## Try it
The records below must be output exactly, with no images carried over.

= = = =

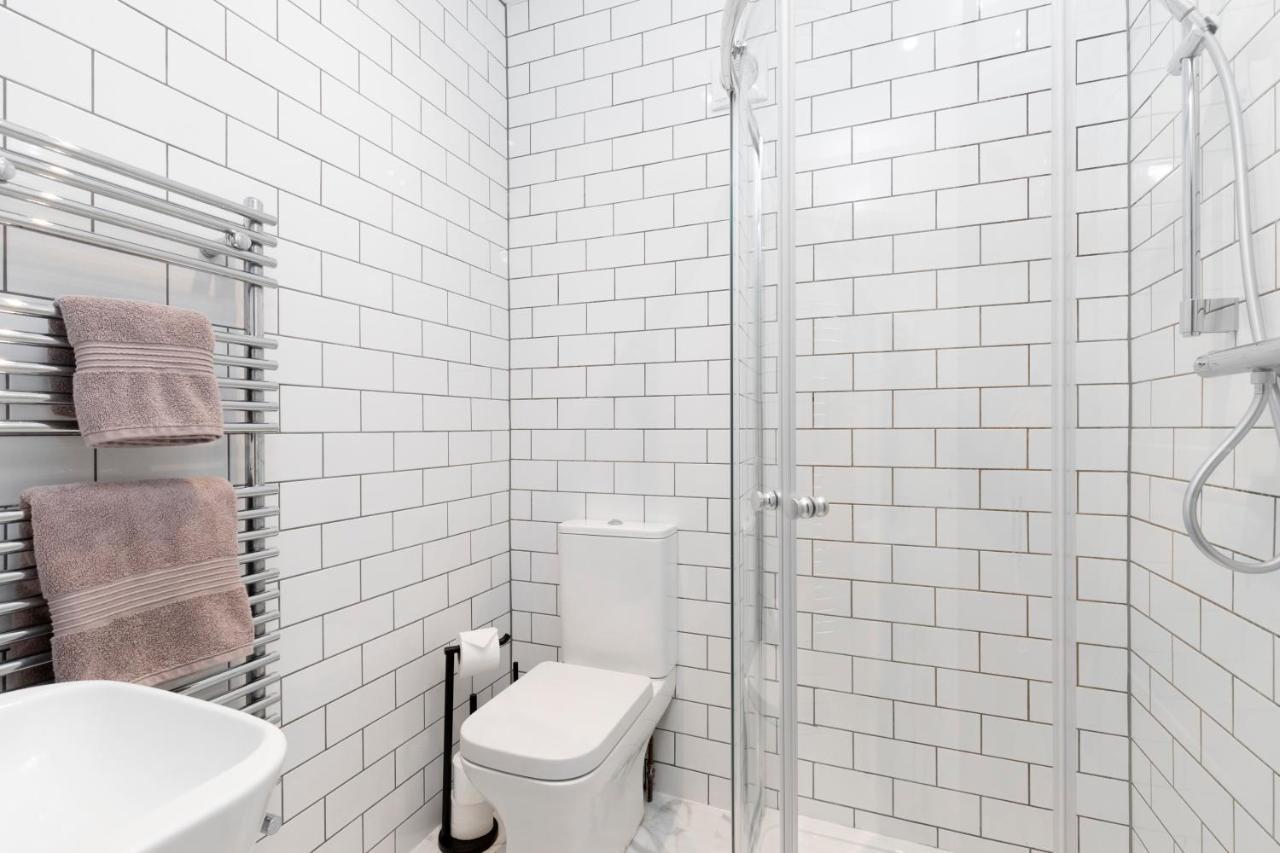 Elliot Oliver - Laverham House - Stunning 6 Bedroom Regency House With Parking Appartement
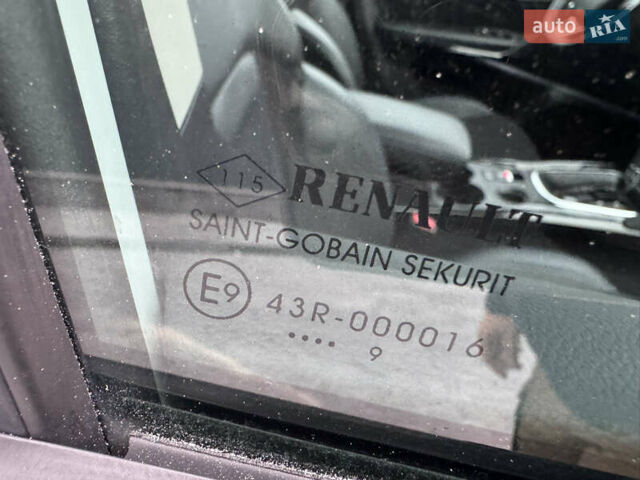 Белый Рено Kadjar, объемом двигателя 1.46 л и пробегом 93 тыс. км за 19600 $, фото 22 на Automoto.ua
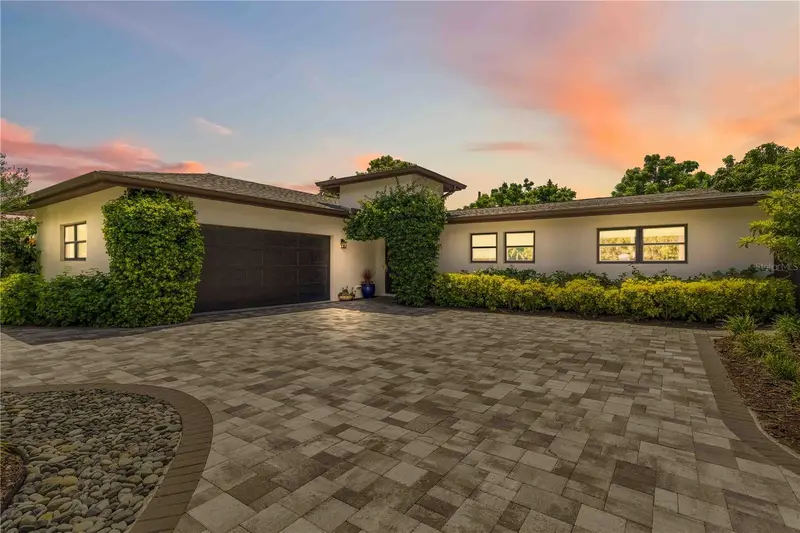 2410 Siesta Dr, FL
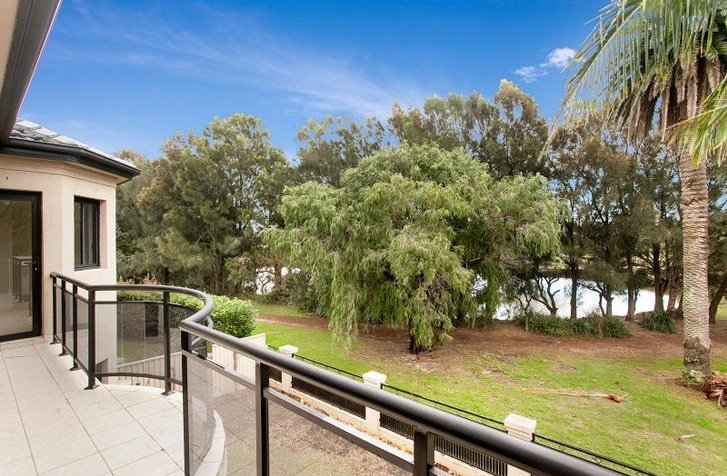 17 Lakeside Avenue MONTEREY 7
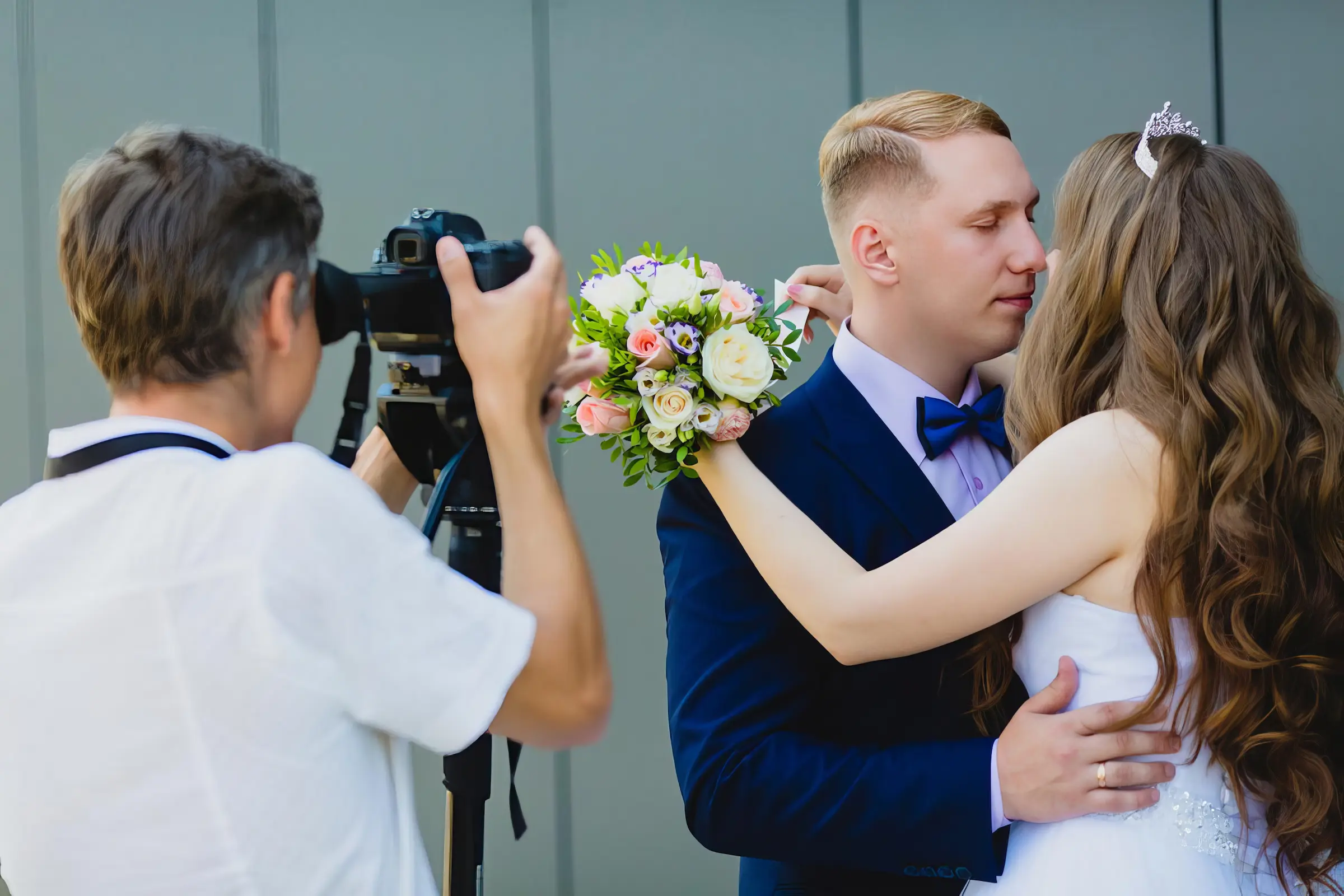 Norfolk Wedding Videographer - Bride Groom Kiss Shoot
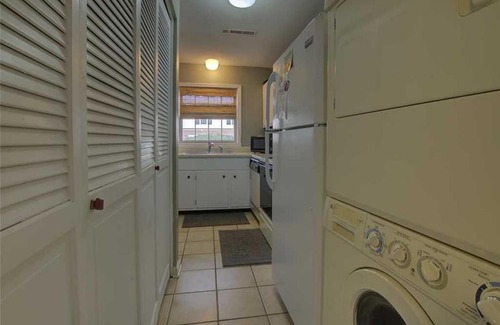 Pine Knoll Shores House | Relax at PKT: 4-Star Ocean View Hotel with Pool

= = = =

## Solution for this problem
 Elliot Oliver - Laverham House - Stunning 6 Bedroom Regency House With Parking Appartement
 Белый Рено Kadjar, объемом двигателя 1.46 л и пробегом 93 тыс. км за 19600 $, фото 22 на Automoto.ua
 2410 Siesta Dr, FL
 17 Lakeside Avenue MONTEREY 7
 Norfolk Wedding Videographer - Bride Groom Kiss Shoot
 Pine Knoll Shores House | Relax at PKT: 4-Star Ocean View Hotel with Pool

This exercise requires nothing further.